The better you can plan for preventative maintenance, or predict when equipment will fail, the better you can prepare, Perry explains. For example, by keeping repair parts in stock and ensuring the work order can be executed, the less likely the work will interfere with production.

Without a CMMS, Perry says, the data collected from Fluke or other companies' monitoring devices and sensors can get sucked into and trapped in a data "black hole."

Perry joined Fluke when the electronic testing device manufacturer acquired eMaint Enterprises two years ago to gain control of its leading CMMS of the same name. The web-based SaaS eMaint has been used by more than 50,000 customers, ranging from manufacturers to power plants to hospitals.

The eMaint dashboard

On average, this CMMS boasts improvements including 35% reduction in emergency work orders, $2 million in annual savings due to reducing waste and a 75% drop in cycle count time.

The pairing makes perfect sense for Fluke, which can now help maintenance teams create the data to better understand assets, as well as manage them in a horizontal, not vertical, way. The software serves as management's indispensable assistant, helping to "plan, schedule and prioritize critical work," the company says.

The simple act of deploying the right planning and scheduling processes can increase throughput by 33%, says Perry, citing industry best practice standards. And that's just the start.
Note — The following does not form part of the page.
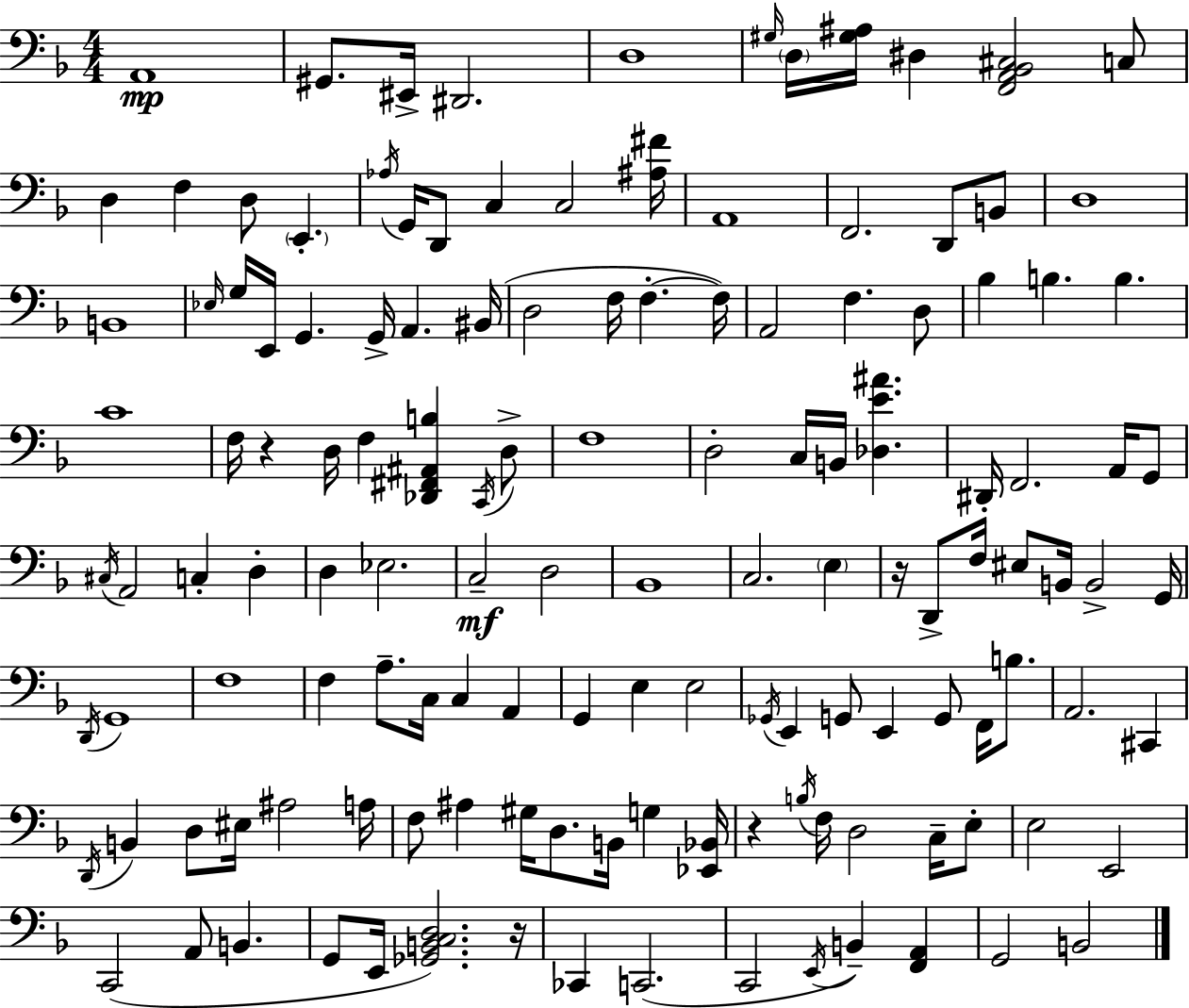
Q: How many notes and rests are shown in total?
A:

eMaint connects to the IIoT and ERPs, providing the first line of defense for your machines, the maintenance technicians and engineers, a means to weaponize the data. This also ripples to operations and supply side. Do you have the repair parts in stock? Is someone available to perform the repair? Does this happen frequently and should you evaluate getting a new machine?

Perry offers the example of a pneumatic tool used for surgery at a hospital. That obviously requires an air compressor, a power source that you wouldn’t want to go down prior to an operation. One or more sensors can be placed on the HVAC compressor, like a perpetual stethoscope, to gather a baseline virtual heartbeat. In this case, the maintenance staff are the caregivers, and the CMMS can ping if that heartbeat is off. They can check out the problem and resolve it well before it the a problem occurs that can interfere with a surgery.
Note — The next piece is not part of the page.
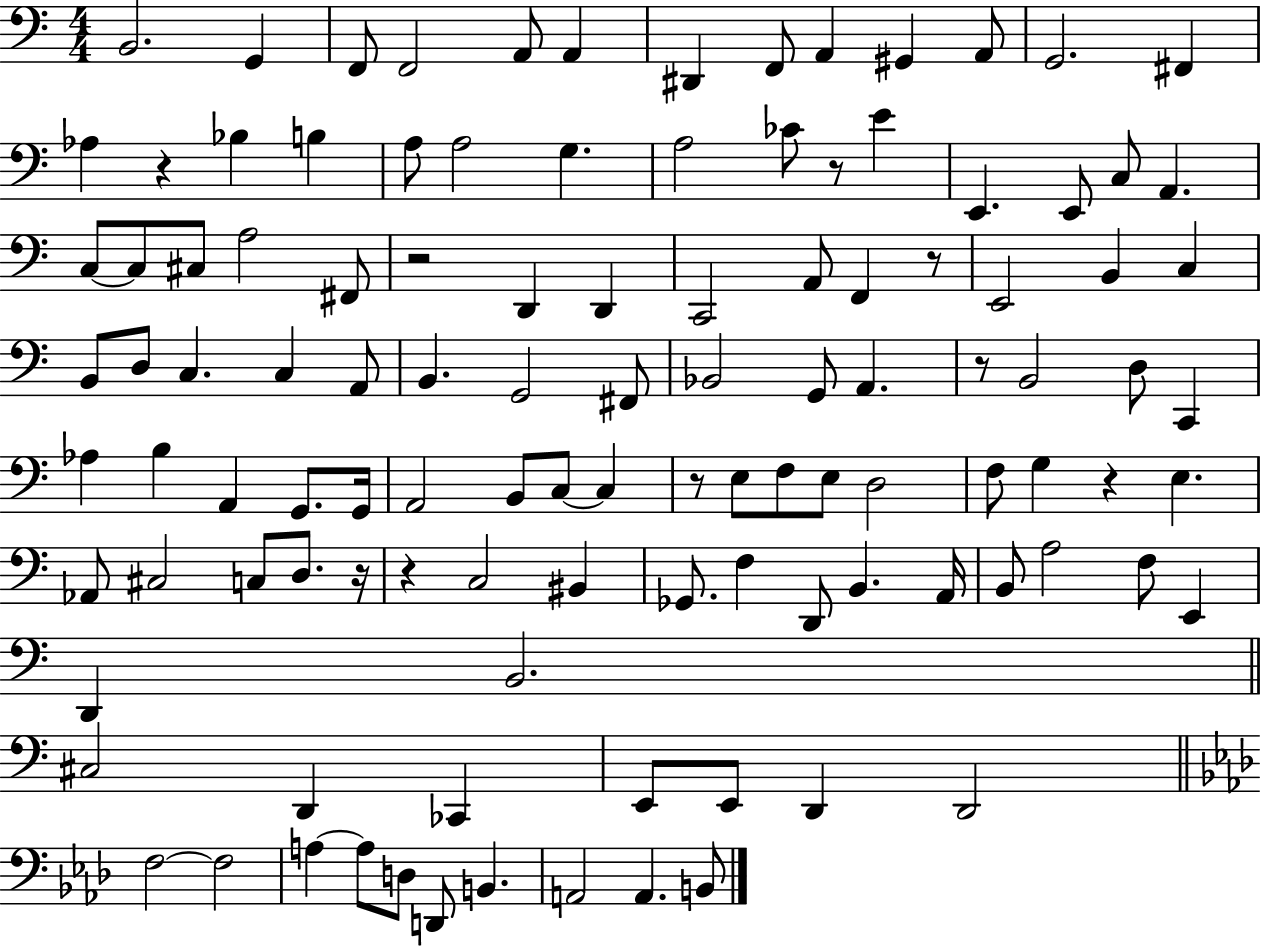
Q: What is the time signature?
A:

That predictive form of maintenance has become all the rage, and we've written about it a lot. But does it occur enough to dedicate the attention?

"It’s very prevalent," Perry says.

Data from Aberdeen Research found that more than four out of five companies suffered unplanned downtime over a recent three-year period, and cost them up $260,000 an hour. And these downtimes lasted on average four hours.

A CMMS such as eMaint halts this not just through early diagnosis, but by making sure the right parts are there when maintenance needs them.

Storm door maker Larson Manufacturing improved downtime response by 15% by improving inventory accuracy, while Pratt & Whitney saved $100,000 on one project by improving spare parts availability and estimated avoiding three months of down time.

Perhaps the most important component to all of this is the departure of the experienced technicians and managers across the industry to much deserved retirements. The expert who knew had a supernatural ability to always know where everything was, when stuff was about to break and what was needed to fix it will soon be busy fixing their golf swing mechanics or puttering around in an RV.

So now, while you still have those equipment caregivers on payroll, is the time to invest in a CMMS, which in eMaint's case, is priced per person at several affordable rates as low as $33 per month per user.

"It's absolutely critical to a company's future to make sure they're capturing that tribal knowledge, digitizing it and putting it to work for them," Perry concludes.